The Singularity and the CIO: Discuss
Posted: August 26, 2016 Filed under: Uncategorized | Tags: AI, artificial intelligence, cio, forrester, IHS, machine learning, manufacturing, robots, the singularity Leave a commentSci-fi writers have been warning us about the coming of the singularity for a decade now. And while we’re some years away from having to contemplate such a future, AI, machine learning, big data and other technologies are developing at a pace which is already beginning to impact the global workforce.
I chatted to some experts on the subject for an upcoming feature to find out whether CIOs should be terrified or enthused by the prospect of robot workers.

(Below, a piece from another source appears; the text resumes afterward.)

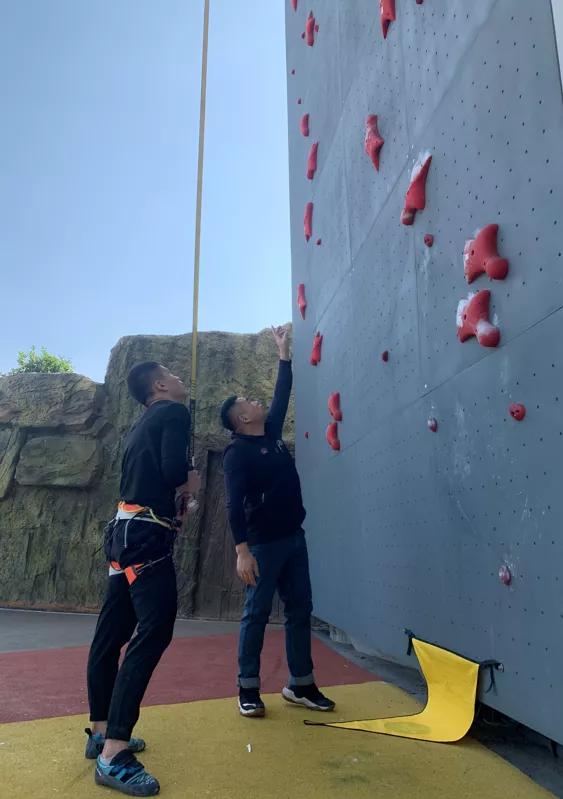 国家攀岩集训队打卡璧山古道湾公园攀岩乐园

The truth is that they’re already here, in many heavy industries like tech manufacturing. In May this year a local government official in the Chinese district of Kunshan announced contract manufacturing giant Foxconn was reducing “employee strength” from 110,000 to 50,000 workers, because of investments in robots. But what about when they spread into other industries? As far back as 2014, Gartner was predicting that as many as one in three jobs will be “converted to software, robots and smart machines by 2025” as software advances mean technology systems begin to replace cognitive tasks as well as factory jobs.
Meanwhile, a report from the Bank of England last year estimated up to 15 million UK jobs could be at risk of automation in the future. And a Deloitte/Oxford University study in January claimed 35% of today’s jobs have a “high chance” of being automated in the next 10-20 years.
For IHS Markit analyst, Wilmer Zhou, the coming robot hordes represent both a challenge and an opportunity to employers. Aside from manufacturing, he picked out several industries where jobs are potentially most at risk, including agriculture, logistics, and specialist domestic care. Most surprising for me was healthcare.
“It’s one of the industries with relatively high robot deployment such as surgical robots,” he told me via email. “IHS forecasts that robots in the medical industry will be one of the fastest growth sectors, with the decreasing of the average sale price of surgical robots and expansion of medical operation tasks.”
For CIOs looking to maximise the potential offered by these new automated workers, it will be important to create trust in the bots, argued Forrester principal analyst, Craig Le Clair.
“Cognitive systems can end up learning undesirable behavior from a weak training script or a bad customer experience. So build ‘airbags’ into the process,” he told me.
“Assess the level of trust required for your customer to release their financial details. Get compliance and legal colleagues on board as early as possible. Cognitive applications affect compliance in positive and negative ways. Be prepared to leverage the machines ability to explain recommendations in an understandable manner.”
Also important is to foster human and machine collaboration wherever possible, to reduce friction between the two.
“Rethink talent acquisition and your workplace vision,” Le Clair explained. “Some 78% of automation technologists foresee a mismatch of skill sets between today’s workers and the human/machine future, with the largest gaps in data, analytics, and cognitive skills.”
The bottom line is that robots and AI are here to stay. Whether they’ll have a net positive or negative impact on the workplace is up for discussion, but it may well hinge on how many so-called ‘higher value’ roles there are for humans to move into once they’ve been displaced by silicon.